Sorry, but no. The talking voice was Jackson but the singing was done by Kipp Lennon at least according to the DVD commentary for the “Stark Raving dad” episode, Mr Lennon’s archived website (#3.4) http://web.archive.org/web/20050221091616/http://www.venicecentral.com/faq.html and his IMDB page too http://www.imdb.com/name/nm0502054/
Thanks John!
Also of note, the voice “Michael” has the end that was obviously not Jackson’s when he comes out of his persona, stating he was a bricklayer from Patterson, NJ.
Always happy for any and all corrections! Many thanks! I think in the future, people will use CartoonResearch as a reliable reference for research on articles and books about animation so it is important to have the true story documented.
Didn’t that same DVD commentary hint that Jackson himself was also recorded, and only the editor knows who’s really singing in the show? Or something along those lines?
@SCARRAS
Daffy’s role as a Scrooge like owner of The Lucky Duck superstore in Bah! Humduck was befitting of his greedy egoistical character that he sometimes portrayed and acted like a jerk to his fellow employees including Elmer Fudd,Speedy Gonzalez and Porky Pig. The others you mentioned (Sylvester and Yosemite Sam) had thier own roles in Bah! Humduck, Sylvester in a Jacob Marley type character as the now deceased owner of the Cat’s Meow superstore who acted like a bigger jerk to his employees before one of them mowed him down with a forklift and Yosemite Sam portrayed the Ghost of Christmas Present who along with Granny and Tweety (as the Ghosts of Christmas Past) and Taz (as the Ghost of Christmas Yet to Come) who tried to have Daffy changed his selfish ways.
It turned out that Michael Jackson DIDN’T do his own singing in that Simpsons episode. He brought in Kipp Lennon to do it because he wanted to play a trick on his brothers and make them think it was him. Or so the story goes.

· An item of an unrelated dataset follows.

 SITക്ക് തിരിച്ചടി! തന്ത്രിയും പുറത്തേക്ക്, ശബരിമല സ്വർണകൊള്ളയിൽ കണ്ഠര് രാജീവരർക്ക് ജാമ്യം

While doing boards on MOTHER GOOSE AND GRIMMY at Phil Roman, I was asked to draw the layouts for that SIMPONS “Flintstones” couch gag due to my longtime experience with the characters. Although I’ve written and drawn dozens of SIMPSONS stories for Bongo Comics, it was the only time I’ve worked on the TV series, SO FAR.
That’s an honor Scott, and hope you had a great birthday!